Then you need to have apache and mod_perl installed. We use following packages:

  • apache_1.3.26
  • mod_perl-1.26

After you have done with apache you have to build rrdtool that comes with Percival. Percival will not work with the standard rrdtool. You have to download rrdtool-1.0.28avalon.tar.gz from the Percival site and install it.

Finally, you have to untar Percival-Source.tar.gz

3 Percival Operation Basics

Despite its very simple look, Percival is a complex system. In this chapter you will learn how to operate Percival from command line. You will learn how to stop/start the system, what daemons(services) should be running, what each of them do. You will also learn how to manage network elements using konfne command and basic concepts of the Percival configuration database. In this chapter we try to keep things as single as possible, advanced concepts will be handled in the separate chapter.

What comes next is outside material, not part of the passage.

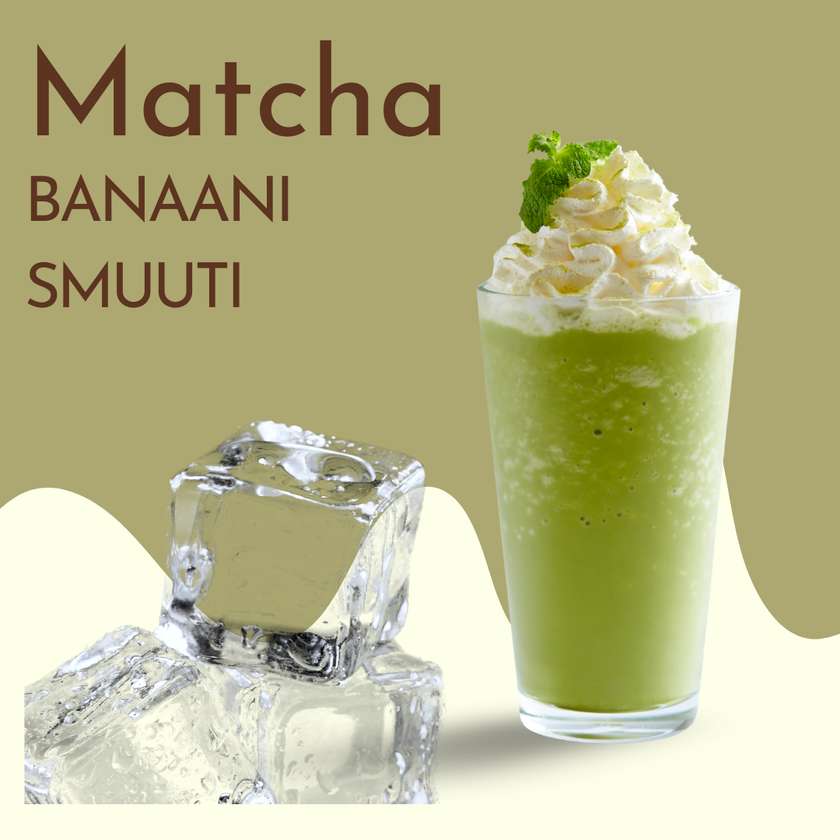 Organic Japanese Matcha Smoothie with Banana. 450 ml.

All Percival commands a located in /usr/local/percival/bin.In the next sections we assume that you are working as user avalon you and you have this directory in your PATH variable or have done cd there. We also assume that Percival was installed from RPM on RedHat like linux distribution.

It is very important to operate Percival as user avalon and not as root!!! You can switch to avalon by typing su – avalon

3.1 Starting/Stopping Percival

As root execute

/etc/rc.d/init.d/lancelotd start

to start the system

/etc/rc.d/init.d/lancelotd stop

to stop the system. 1

3.2 Percival Daemons (Services) and Commands

There are several daemons that are required for Percival normal operation. The daemons are responsible for data collection, detection of not responding IPs, report generation, web user interface and managing Percival configuration by remote client applications such as Merlin. Every daemon except the webserver must be managed by overlord.pl command.

There are following Percival daemons:

kollector

does all data collection.

thawne.pl

detects not responding network devices.

querymaker.pl

generates all reports

konfigd

provides configuration API to the external clients

httpd

Apache webserver. Needed for Percival Web interface.

Apache is controlled with apachectl command. It is located in /usr/local/avalon/bin. Apache must be managed as user root.

apachectl start

starts apache

apachectl stop

stops apache.

Every other daemon is controlled with overlord.

3.2.1 Controlling Daemons with Overlord

Overlord was developed because amount of Percival daemons2 was increasing rapidly. It was clear that some master daemon is needed to rule them all. You need to know following basic overlord commands:

overlord.pl ping

tells status of each configured daemon

overlord.pl check

tells status of each configured daemon. Restart the daemon if it is not running

overlord.pl list

lists options for each configured daemon

overlord.pl tail <name>

shows last lines of the daemon log

overlord.pl –help

shows all available options and short help

overlord.pl modify <name> <param=value> …

tweaks daemon options. If you installed from RPM system has very reasonable default values. You should not change them unless you really know what you are doing.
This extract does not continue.